An Accessible Building Method

The wood strip method is, to me, one of the most beautiful ways to build a wooden canoe. It is refined yet accessible, technically well thought-out but easy to understand. In the workshops I guide at Freeranger Canoe, this method allows builders to create a canoe that is not only aesthetically convincing, but also light, strong, and highly performant on the water. That is what makes it so powerful: it lowers the threshold without compromising quality.

What attracts me most is that this technique can only truly be learned by doing. By building yourself. By feeling the wood, following lines, making mistakes, and finding solutions. During the building process, you learn a wide range of boatbuilding and woodworking techniques that cannot be captured in a manual. You also come to understand how a boat actually works, because you have shaped and handled every part yourself. That understanding stays with you long after the final coat of varnish has been applied.

A Long Tradition, Translated to Today

Wooden canoe building stands in a long tradition. For centuries, boats were made from what the landscape provided: tree trunks, bark, hides, planks. Shape emerged from use, from experience on the water. Later came wooden canoes built with ribs and planking, often covered with canvas. Strong, repairable, and well suited for long journeys.

The wood strip method fits seamlessly into this tradition. It replaces wide planks with narrow strips and uses modern materials to reinforce the wooden hull, but the principle remains the same: a light, load-bearing wooden shell that reads the water.

In wood strip construction, the canoe grows around a series of molds that together define its shape. These molds are mounted on a perfectly straight strongback and form the foundation for everything that follows. Over them, narrow wooden strips are glued one by one. At first, this looks fragile, almost provisional. But gradually cohesion emerges. The hull gains stiffness. You see something taking shape that is more than the sum of its parts.

Once the hull is fully closed, it is planed and sanded until the lines are fair. Fairing is about looking and feeling. The wood tells you where tension remains. Then the hull receives its protective skin of fiberglass and epoxy. From that moment on, the canoe becomes a composite boat: wood as the core, reinforced for strength and durability. The wood is not decoration, but structure.

Freeranger Canoe: Building at the Right Rhythm

In my workshop at Freeranger Canoe, canoes, paddles, and boats come into being at their own rhythm, or at that of the builders. It is a place where time is taken to do things properly, and where doing something again, if necessary, is simply part of the process. Building a canoe cannot be forced into a tight schedule. Everything happens at the pace it needs to happen. Only in this way do we arrive at a result that is not only correct, but also deeply satisfying. As legendary canoe builder Ted Moores once said: “In canoe building there are no shortcuts, only wrong cuts.”

I carry this attitude into the workshops as well. I am present throughout the entire building process and guide my builders step by step, but rarely by standing over their shoulder. I prefer to observe from a distance and let things unfold. That also means there is room for mistakes. I am convinced that you learn the most from getting something wrong and then fixing it. What I never allow are irreversible mistakes. It is important to me that everyone leaves with a canoe that is not only deeply personal, but also technically sound and durable.

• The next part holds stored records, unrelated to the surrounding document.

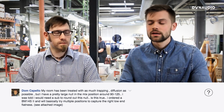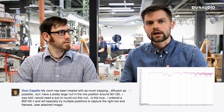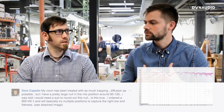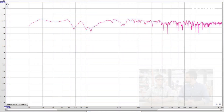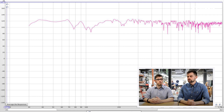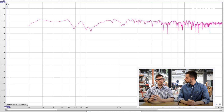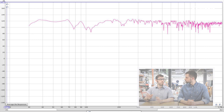Dom has treated his room with lots of diffusion and trapping but still has a huge null right at his mixing position. From his graph, it looks like a desk reflection problem — that null is typical of what you'd expect from a desk. Stephen suggests trying to integrate a subwoofer with a higher crossover frequency, moving it around, and also moving the speakers up and down to see if that helps resolve the problem.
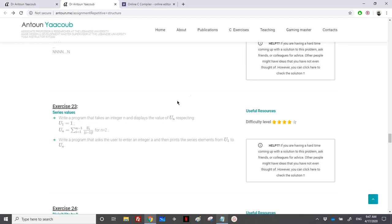Hi again. We have reached the following exercise on series values. We need to write a program that takes an integer n, the user should enter n and display the value of u(n), respecting that u(1) is equal to 1 and u(n) is equal to the sum from i equal 1 to n minus 1 of u(i) over (i minus 1) factorial.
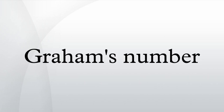In 1971, Graham and Rothschild proved that this problem has a solution n, giving as a bound 6 ≤ n ≤ N, with N being a large but explicitly defined number, where N needs up-arrow notation. The number is between 4→2→8→2 and 2→3→9→2 in Conway chained arrow notation. This was reduced in 2013 via upper bounds on the Hales-Jewett number.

An appreciation for Craftsmanship

For me, a workshop is always twofold. On the one hand, there is the learning process, in which mistakes are inseparable from growth. On the other hand, there is the end goal: a beautiful, well-built canoe that can confidently go on the water. These two do not contradict each other. On the contrary. I guide without micromanaging and adapt my guidance to the experience and skill of each builder. Some need more explanation, others mainly reassurance.

What I hope builders take with them goes far beyond the canoe itself. I hope they leave with a strong sense of fulfillment and confidence in their own abilities. With a renewed connection to materials and to making things. In a highly industrialized society, it often seems self-evident that objects simply exist. But everything is made. And craftsmanship deserves far greater appreciation than it often receives today. Valuing craftsmanship, in our field and beyond, matters deeply to me. If someone leaves here with a greater appreciation for the act of making, then the workshop has been a success.

In that sense, the wood strip method is a means, not an end. It offers structure, but leaves room. It demands attention, but rewards it. And it shows that complex things, given time and guidance, are within reach. That is what we do here. We build canoes, yes. But we also allow people to discover that they are capable of more than they initially thought.

All workshops at Freeranger Canoe are organised on a one-to-one basis and always by appointment. There are no fixed dates and no group classes. Each build starts from an individual conversation, and the rhythm of the workshop is determined together. The building schedule is agreed upon in consultation, taking into account experience, availability, and the pace the process requires. This way, the workshop can fully adapt to both the builder and the canoe being built.